--- DATA LISTING ---

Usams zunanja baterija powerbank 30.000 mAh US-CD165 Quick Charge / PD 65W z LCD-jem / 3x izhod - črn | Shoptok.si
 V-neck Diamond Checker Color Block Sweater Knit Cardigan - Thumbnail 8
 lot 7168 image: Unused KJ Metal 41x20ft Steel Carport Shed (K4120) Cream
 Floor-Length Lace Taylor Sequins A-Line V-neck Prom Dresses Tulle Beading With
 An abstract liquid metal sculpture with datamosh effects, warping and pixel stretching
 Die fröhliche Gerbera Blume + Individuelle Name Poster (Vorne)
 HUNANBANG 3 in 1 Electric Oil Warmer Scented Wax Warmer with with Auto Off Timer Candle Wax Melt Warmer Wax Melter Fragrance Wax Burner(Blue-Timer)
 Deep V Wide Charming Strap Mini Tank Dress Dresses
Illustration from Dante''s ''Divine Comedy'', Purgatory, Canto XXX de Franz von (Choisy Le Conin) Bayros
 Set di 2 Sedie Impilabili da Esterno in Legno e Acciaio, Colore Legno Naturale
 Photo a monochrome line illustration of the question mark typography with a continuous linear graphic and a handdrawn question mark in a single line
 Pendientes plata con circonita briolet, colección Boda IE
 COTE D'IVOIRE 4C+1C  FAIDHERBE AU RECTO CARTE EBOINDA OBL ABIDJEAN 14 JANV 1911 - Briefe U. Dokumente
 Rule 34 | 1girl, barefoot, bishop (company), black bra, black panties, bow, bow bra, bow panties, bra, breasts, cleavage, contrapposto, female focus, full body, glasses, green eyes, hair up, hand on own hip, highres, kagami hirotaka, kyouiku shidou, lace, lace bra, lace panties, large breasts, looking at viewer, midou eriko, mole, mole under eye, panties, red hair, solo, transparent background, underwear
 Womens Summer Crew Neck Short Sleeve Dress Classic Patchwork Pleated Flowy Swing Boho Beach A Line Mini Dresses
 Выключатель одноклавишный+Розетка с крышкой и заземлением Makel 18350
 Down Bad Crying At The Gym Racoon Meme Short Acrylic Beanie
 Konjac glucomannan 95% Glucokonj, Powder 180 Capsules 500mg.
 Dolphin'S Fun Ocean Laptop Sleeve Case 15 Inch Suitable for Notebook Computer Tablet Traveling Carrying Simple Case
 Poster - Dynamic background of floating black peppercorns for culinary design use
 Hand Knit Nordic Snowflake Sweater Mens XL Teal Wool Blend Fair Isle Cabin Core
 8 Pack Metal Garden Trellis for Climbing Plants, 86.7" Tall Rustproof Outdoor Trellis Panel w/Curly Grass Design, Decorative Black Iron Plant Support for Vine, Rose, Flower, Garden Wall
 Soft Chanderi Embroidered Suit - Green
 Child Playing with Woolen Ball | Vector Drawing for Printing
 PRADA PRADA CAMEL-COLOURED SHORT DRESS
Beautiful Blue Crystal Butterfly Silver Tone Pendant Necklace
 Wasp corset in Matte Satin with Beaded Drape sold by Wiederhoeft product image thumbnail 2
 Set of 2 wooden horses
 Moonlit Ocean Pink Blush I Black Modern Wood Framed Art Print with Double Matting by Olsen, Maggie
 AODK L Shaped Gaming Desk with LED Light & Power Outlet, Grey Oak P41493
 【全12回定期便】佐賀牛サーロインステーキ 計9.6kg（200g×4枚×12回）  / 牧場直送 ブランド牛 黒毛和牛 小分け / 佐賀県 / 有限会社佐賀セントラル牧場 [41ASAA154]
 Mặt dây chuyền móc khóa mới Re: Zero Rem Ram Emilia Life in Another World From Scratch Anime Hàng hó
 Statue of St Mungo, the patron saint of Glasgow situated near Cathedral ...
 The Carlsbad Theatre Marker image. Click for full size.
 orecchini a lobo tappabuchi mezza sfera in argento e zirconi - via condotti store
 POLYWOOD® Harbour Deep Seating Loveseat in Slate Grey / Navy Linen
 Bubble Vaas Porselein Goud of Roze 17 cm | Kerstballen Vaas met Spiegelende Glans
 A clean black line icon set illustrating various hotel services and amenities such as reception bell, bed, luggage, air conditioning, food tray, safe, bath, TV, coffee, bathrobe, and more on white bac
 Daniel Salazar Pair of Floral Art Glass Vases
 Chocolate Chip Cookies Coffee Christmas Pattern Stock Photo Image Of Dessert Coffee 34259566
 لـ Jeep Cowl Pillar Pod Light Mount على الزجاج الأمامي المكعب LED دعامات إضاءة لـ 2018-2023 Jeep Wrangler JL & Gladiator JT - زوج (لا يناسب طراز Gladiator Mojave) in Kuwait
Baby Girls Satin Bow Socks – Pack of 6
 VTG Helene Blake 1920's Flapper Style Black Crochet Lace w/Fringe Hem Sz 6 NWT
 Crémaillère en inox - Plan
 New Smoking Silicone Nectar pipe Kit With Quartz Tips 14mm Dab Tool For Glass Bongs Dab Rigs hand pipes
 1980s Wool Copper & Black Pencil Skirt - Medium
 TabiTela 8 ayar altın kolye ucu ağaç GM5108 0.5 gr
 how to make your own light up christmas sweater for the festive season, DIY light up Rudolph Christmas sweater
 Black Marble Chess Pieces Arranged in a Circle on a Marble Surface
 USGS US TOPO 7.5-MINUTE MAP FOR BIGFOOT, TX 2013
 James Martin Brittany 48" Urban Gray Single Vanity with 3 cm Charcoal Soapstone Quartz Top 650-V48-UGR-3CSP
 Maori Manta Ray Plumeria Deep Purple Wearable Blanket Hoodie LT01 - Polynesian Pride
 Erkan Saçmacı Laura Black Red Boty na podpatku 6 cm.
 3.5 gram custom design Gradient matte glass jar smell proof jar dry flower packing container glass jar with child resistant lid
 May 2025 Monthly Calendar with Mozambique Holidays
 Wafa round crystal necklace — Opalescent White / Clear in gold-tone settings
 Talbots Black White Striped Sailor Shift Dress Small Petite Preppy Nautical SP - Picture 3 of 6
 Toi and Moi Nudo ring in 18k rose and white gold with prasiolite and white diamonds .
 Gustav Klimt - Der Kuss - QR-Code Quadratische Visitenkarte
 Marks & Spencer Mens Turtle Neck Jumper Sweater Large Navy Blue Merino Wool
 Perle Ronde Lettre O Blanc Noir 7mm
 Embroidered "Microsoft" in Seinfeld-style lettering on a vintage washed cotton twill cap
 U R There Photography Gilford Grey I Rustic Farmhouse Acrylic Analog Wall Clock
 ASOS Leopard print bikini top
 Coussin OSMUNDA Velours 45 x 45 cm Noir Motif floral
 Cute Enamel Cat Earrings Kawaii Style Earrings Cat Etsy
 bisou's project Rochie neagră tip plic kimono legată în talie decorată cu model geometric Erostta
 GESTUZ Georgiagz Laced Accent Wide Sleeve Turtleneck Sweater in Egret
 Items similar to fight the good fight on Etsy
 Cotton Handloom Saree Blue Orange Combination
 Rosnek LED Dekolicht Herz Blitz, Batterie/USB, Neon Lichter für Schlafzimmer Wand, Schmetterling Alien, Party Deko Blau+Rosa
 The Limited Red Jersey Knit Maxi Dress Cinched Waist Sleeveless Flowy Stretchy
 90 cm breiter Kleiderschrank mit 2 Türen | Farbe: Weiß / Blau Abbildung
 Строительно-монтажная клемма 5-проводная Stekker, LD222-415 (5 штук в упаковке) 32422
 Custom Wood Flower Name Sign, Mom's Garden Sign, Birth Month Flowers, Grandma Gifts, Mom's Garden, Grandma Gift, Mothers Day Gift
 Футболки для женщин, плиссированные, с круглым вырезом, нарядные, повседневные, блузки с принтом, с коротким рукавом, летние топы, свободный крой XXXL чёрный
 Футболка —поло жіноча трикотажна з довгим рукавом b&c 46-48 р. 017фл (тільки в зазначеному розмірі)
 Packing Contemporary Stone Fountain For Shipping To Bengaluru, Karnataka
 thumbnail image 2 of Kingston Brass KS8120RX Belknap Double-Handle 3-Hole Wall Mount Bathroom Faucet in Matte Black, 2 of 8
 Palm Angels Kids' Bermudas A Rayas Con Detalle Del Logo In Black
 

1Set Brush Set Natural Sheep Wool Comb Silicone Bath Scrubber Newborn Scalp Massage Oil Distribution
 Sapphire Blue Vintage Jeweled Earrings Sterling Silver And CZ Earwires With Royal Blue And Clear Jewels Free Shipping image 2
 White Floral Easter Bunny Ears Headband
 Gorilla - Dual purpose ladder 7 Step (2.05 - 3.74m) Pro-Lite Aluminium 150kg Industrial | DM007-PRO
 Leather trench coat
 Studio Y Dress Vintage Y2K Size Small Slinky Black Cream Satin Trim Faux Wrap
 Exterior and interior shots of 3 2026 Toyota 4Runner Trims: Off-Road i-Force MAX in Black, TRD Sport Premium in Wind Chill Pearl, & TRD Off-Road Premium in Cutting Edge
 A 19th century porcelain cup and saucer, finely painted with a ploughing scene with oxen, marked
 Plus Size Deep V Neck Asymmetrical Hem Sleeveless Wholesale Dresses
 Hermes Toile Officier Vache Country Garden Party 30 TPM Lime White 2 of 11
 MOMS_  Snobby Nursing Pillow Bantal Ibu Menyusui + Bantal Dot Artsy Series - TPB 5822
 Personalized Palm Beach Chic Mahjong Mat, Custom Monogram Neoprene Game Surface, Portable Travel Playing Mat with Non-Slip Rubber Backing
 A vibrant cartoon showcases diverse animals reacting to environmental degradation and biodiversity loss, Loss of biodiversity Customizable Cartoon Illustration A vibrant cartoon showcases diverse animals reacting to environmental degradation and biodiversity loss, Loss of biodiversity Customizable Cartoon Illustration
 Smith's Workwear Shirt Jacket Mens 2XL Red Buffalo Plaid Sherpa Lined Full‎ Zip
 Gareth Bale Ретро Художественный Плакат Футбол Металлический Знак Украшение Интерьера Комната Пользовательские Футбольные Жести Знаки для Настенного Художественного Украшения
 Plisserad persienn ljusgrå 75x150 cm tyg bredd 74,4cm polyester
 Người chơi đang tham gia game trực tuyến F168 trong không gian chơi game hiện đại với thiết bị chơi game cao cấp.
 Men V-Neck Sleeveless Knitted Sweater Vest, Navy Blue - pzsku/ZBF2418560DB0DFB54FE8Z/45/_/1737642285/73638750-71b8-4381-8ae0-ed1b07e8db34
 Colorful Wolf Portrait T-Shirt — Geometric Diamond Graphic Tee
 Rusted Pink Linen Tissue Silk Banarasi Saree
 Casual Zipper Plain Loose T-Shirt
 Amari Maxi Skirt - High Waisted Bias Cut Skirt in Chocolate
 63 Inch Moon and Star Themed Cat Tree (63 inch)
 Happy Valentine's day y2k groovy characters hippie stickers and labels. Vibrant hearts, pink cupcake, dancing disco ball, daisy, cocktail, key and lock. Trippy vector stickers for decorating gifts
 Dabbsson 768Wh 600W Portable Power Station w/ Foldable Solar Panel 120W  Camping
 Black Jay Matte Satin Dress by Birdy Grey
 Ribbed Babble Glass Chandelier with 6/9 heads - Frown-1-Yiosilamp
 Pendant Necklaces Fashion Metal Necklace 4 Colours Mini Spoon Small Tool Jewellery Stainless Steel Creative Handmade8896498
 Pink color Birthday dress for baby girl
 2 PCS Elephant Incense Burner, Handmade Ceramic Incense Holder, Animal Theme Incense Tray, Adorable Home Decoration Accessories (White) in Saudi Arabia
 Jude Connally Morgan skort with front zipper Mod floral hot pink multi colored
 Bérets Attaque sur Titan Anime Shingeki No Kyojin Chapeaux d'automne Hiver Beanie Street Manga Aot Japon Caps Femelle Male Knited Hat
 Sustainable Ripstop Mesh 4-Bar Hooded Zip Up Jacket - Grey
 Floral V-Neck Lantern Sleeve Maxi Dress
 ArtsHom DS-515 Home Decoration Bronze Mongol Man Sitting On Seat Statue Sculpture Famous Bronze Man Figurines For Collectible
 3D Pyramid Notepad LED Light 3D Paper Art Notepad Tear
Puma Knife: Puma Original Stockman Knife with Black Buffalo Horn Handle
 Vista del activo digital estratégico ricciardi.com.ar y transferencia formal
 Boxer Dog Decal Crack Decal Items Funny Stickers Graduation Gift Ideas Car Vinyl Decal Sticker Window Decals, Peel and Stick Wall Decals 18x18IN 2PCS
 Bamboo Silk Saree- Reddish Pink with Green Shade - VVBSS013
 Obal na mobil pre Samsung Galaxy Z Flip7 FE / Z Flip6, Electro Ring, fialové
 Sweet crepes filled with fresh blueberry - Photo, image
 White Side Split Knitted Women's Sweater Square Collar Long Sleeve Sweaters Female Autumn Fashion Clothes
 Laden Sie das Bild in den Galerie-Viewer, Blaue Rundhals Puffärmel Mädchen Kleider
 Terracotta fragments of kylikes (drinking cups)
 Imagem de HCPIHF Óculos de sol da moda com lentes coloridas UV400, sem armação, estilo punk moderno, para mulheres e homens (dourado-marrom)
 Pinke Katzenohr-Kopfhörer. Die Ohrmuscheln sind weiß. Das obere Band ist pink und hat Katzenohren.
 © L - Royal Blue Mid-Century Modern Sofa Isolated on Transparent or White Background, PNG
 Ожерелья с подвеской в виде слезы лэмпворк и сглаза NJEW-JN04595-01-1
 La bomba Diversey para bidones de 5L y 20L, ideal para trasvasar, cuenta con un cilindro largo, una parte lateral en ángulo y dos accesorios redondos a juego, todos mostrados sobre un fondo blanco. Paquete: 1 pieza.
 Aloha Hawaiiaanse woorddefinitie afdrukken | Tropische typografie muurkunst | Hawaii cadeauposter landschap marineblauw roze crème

---

EXERCISE DIRECTIONS:
Taking the entries above, print exactly the lines starting at the line with "Leather trench coat" and ending at the line with "Plus Size Deep", both included.

YOUR SOLUTION:
 Leather trench coat
 Studio Y Dress Vintage Y2K Size Small Slinky Black Cream Satin Trim Faux Wrap
 Exterior and interior shots of 3 2026 Toyota 4Runner Trims: Off-Road i-Force MAX in Black, TRD Sport Premium in Wind Chill Pearl, & TRD Off-Road Premium in Cutting Edge
 A 19th century porcelain cup and saucer, finely painted with a ploughing scene with oxen, marked
 Plus Size Deep V Neck Asymmetrical Hem Sleeveless Wholesale Dresses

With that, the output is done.